Marc Lynch, a blogger and professor of Middle Eastern studies, has penned a lengthy policy brief about Syria for the Center for a New American Security. It is comprised of two parts that appear to be at war with one another. The first part lays out all the reasons why the West must do something about the escalating violence in Syria.
He warns that Syria is descending into a full-blown “internal war” that “could shatter the possibility of a peaceful resolution to the crisis in Syria and reverberate across the region.” He even says “Syria could replicate Lebanon of the 1980s, on steroids.” “Beyond these strategic concerns,” he continues, “there is a humanitarian imperative to help the Syrian people. The horrifying evidence of massacres and regime brutality make it difficult – and wrong – for the world to avert its gaze.”
I couldn’t agree more. Where I disagree is in his recommendations for what to do about this calamity which is now unfolding. He argues against military intervention—even against arming the Syrian opposition—in favor of, you guessed it, more robust diplomacy. He proposes to do the following:
First, the international community should present Assad with an ultimatum: Since Assad can no longer participate in a legitimate Syrian government, he, his vice president and a limited group of top regime officials must resign or be referred to the International Criminal Court for War Crimes (ICC). Second, the international community should continue to tighten the economic and financial sanctions against the Assad regime, its senior leaders and the most senior members of the Syrian military. Third, the international community should conduct a sustained and vigorous effort to isolate the Assad regime diplomatically. Fourth, the international community should strengthen the opposition and encourage it to develop a unified political voice. Finally, the United States and its partners should support a strategic communications campaign to publicize the regime’s atrocities, shame those who continue to support the regime and encourage regime members to defect.
All of these steps are worth taking, but they are not very different from what is currently being done—with scant impact. The Assad regime is able to stay in power because it can count on the loyalty of a substantial portion of its security forces and the backing of unsavory regimes such as Russia and Iran. Lynch himself dismisses airy talk from the administration “that the collapse of the Assad regime is only a matter of time.” He notes, rightly, that “Assad’s fall could take a long time. In the interim, many Syrians will die, and the conflict could evolve into an extended regional proxy war that victimizes the Syrian people.” But if that’s the consequence of our current policy, which is focused exclusively on diplomatic efforts to oust Assad, what reason is there to think more diplomacy will make a difference?
Lynch is right to warn that we need to think through the consequences of various military options such as air strikes, no fly zones, safe havens, and arming of the opposition. All of those policies carry potential downsides that need to be carefully considered. But in the end, I don’t find his objections to any military action terribly compelling, because if we don’t act then we are de facto accepting the unacceptable—i.e., a prolongation of the current civil war, which, aside from being a humanitarian disaster, is likely to further atomize Syrian society and provide an opening for extremists.

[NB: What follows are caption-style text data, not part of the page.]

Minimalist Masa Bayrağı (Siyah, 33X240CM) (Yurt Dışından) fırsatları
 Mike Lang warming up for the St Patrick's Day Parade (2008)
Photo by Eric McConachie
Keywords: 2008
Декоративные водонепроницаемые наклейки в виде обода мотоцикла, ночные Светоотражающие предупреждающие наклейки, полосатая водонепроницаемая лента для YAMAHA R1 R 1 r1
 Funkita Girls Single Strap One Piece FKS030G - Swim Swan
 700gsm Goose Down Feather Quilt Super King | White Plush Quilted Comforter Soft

No one wants more war. But at this point the international community’s best bet (as it was in Bosnia in 1995 and Kosovo in 1999), is to act to end the killing. Yes, there are significant risks in a post-Assad regime, but by playing an active role in helping the opposition, including providing military help, the U.S. and our allies can win influence to shape the future of Syria.
Lynch himself admits that even if we don’t arm the opposition “arms are likely to flood the country if the civil war continues, regardless of U.S. preferences.” What he neglects to mention is where those arms will come from. A likely source: Gulf regimes such as Qatar and Saudi Arabia and radical groups loosely affiliated with al-Qaeda and its ilk, such as al-Qaeda in Iraq. The longer we stay on the sidelines, the more influence they will exert.
There is no ideal option in Syria, and I commend Lynch for warning about the potential pitfalls of military action, but at this point, I don’t see a good alternative.